__Problem__
Nothing but the lines below from the one that contains "Preppy Green &" through the one that contains "Shower room within" should be retyped, exactly and including both ends. Do not include pictures.

##### Records provided #####

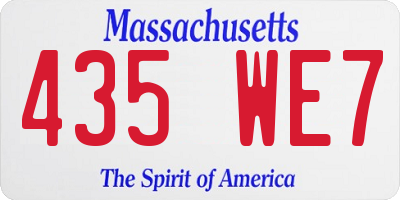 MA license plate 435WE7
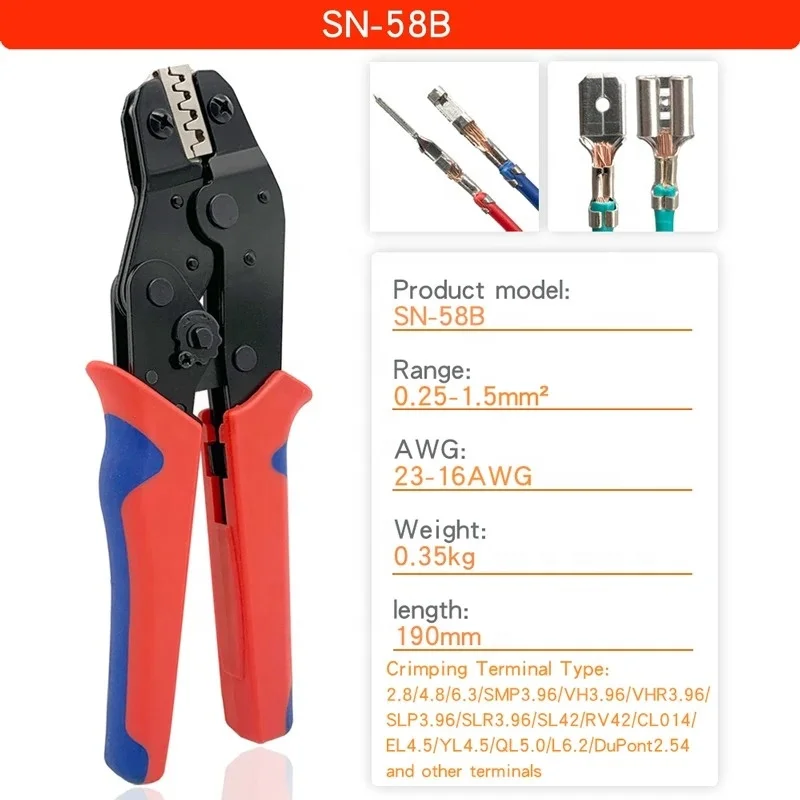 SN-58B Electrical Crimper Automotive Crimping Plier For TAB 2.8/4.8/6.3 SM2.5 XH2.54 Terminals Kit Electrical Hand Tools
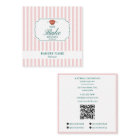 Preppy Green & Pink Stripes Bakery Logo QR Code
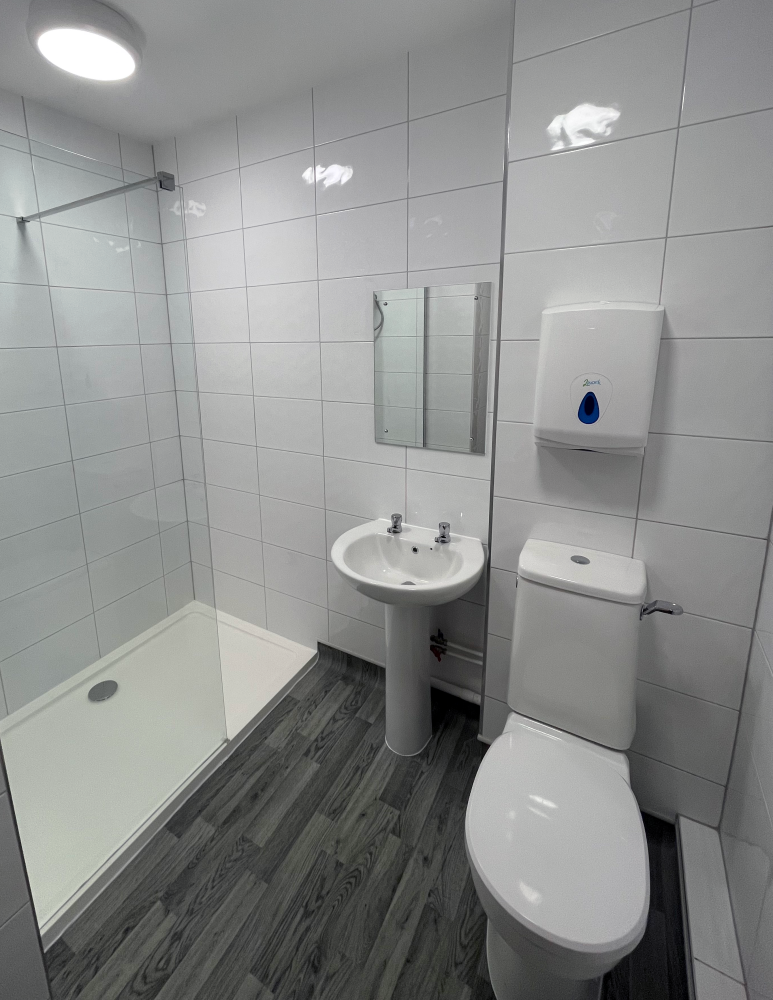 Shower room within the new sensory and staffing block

#####
##### Records provided #####

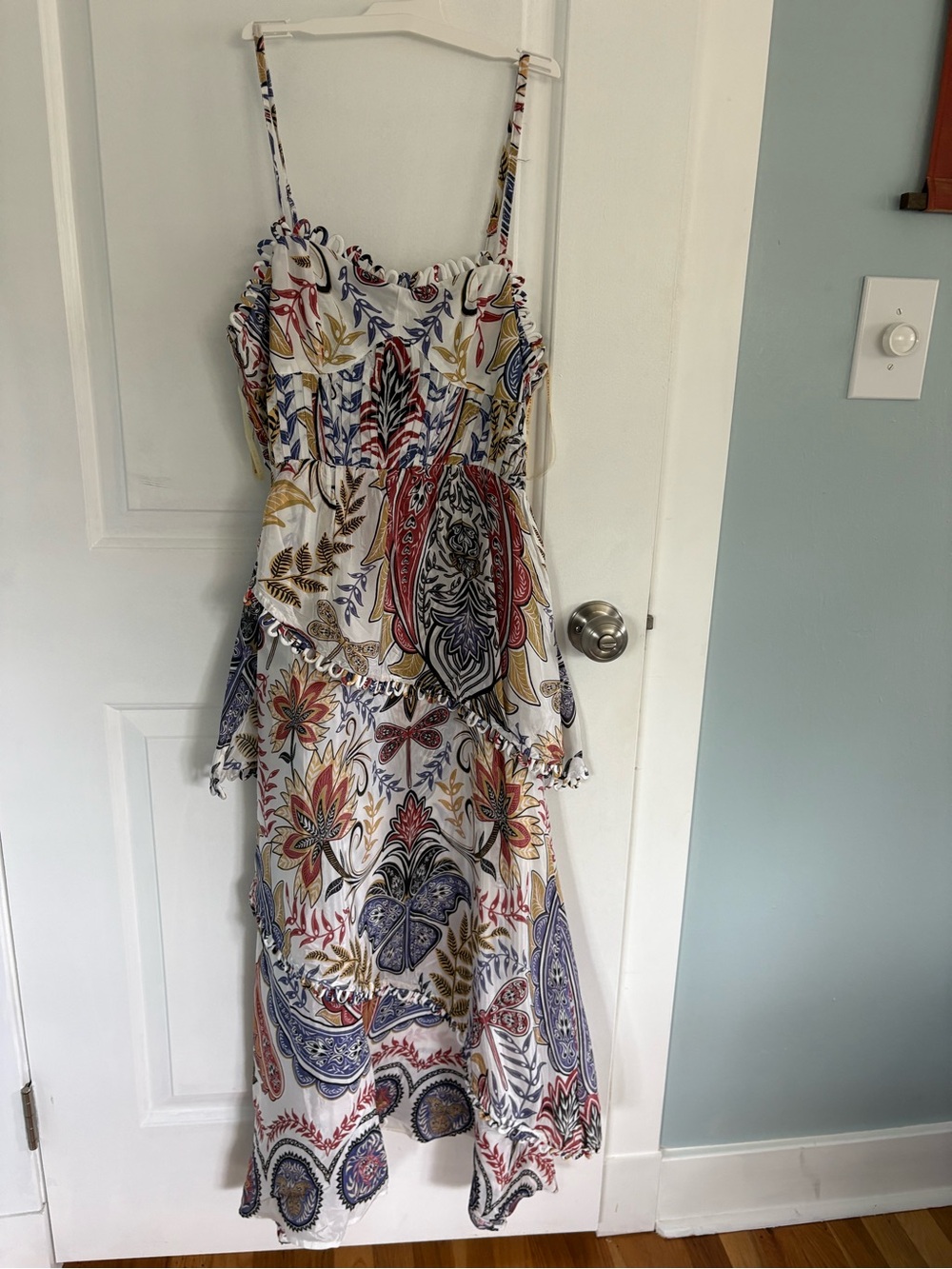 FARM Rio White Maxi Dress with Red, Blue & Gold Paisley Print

#####

__Your solution__
 Preppy Green & Pink Stripes Bakery Logo QR Code
 Shower room within the new sensory and staffing block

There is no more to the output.